“Wave”: A family vacation turns into the worst kind of nightmare

The author survived the 2004 tsunami, but she lost her parents, her husband and her children

Topics: What to Read, Books, Nonfiction, Editor's Picks, Memoir, Extreme weather, Sri Lanka, Sonali Deraniyagala, Wave, Our Picks: Books, literature, tsunami,

The first time Sonali Deraniyagala heard the word “tsunami,” she was shut up in a darkened bedroom in her aunt’s house in Colombo, Sri Lanka. It was 2004, and the wave had just taken her parents, her husband and her two young sons.

Deraniyagala had been vacationing with her family in a seaside hotel near a national park when, through a terrace window, she saw the sea rising rapidly past its familiar bounds. With her husband, Steve, she grabbed Vikram, 8, and Malli, 5, and rushed out the door and up the drive. They jumped in a passing jeep, but soon the wave overwhelmed even that. The last time Deraniyagala saw her husband’s face, he was looking in horror at something over her shoulder. Then the jeep overturned, and for Deraniyagala the next few hours were chaos, violence and filthy water, the tsunami tossing her miles inland and then sucking her out again. Just before she would have been swept out to sea, she grabbed an overhanging branch and felt the ground materialize under her feet. She never saw her family again.

“Wave” is Deraniyagala’s account of this nightmare, but the tsunami itself only takes up a handful of this spare, radiant book’s pages. The rest is what came after, months in that darkened room contemplating suicide, then a period of getting drunk every day and conducting a demented campaign of harassment against the Dutch family to whom her brother rented her parents’ house. Deraniyagala, an economist at the University of London and Columbia University, had been living with Steve and the boys in London, but she wasn’t able to set foot in their English house for two years.

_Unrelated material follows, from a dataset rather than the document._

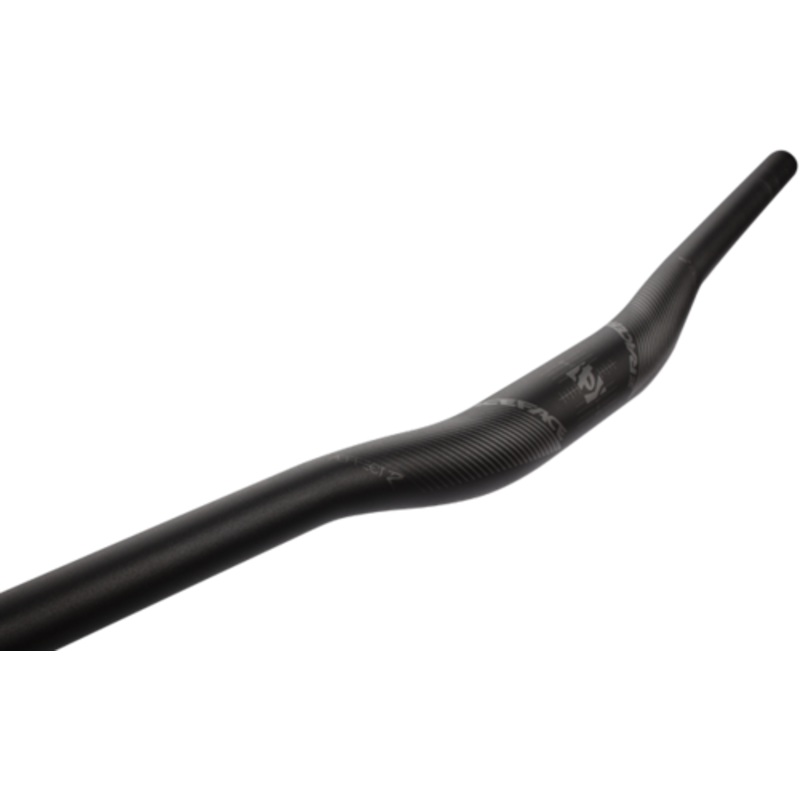 RaceFace Aeffect R Handlebar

The extremity of Deraniyagala’s story seizes the attention, but it’s the beauty of how she expresses it that makes it indelible. Who knew that the ranks of academic economics harbored a writer of such extraordinary gifts? Deraniyagala grasps that seemingly unteachable truth: just how much you can (and should) leave out when you have given your reader the one detail that will make your world real to her. “Wave” is a small, slender book, but it is enormous on the inside.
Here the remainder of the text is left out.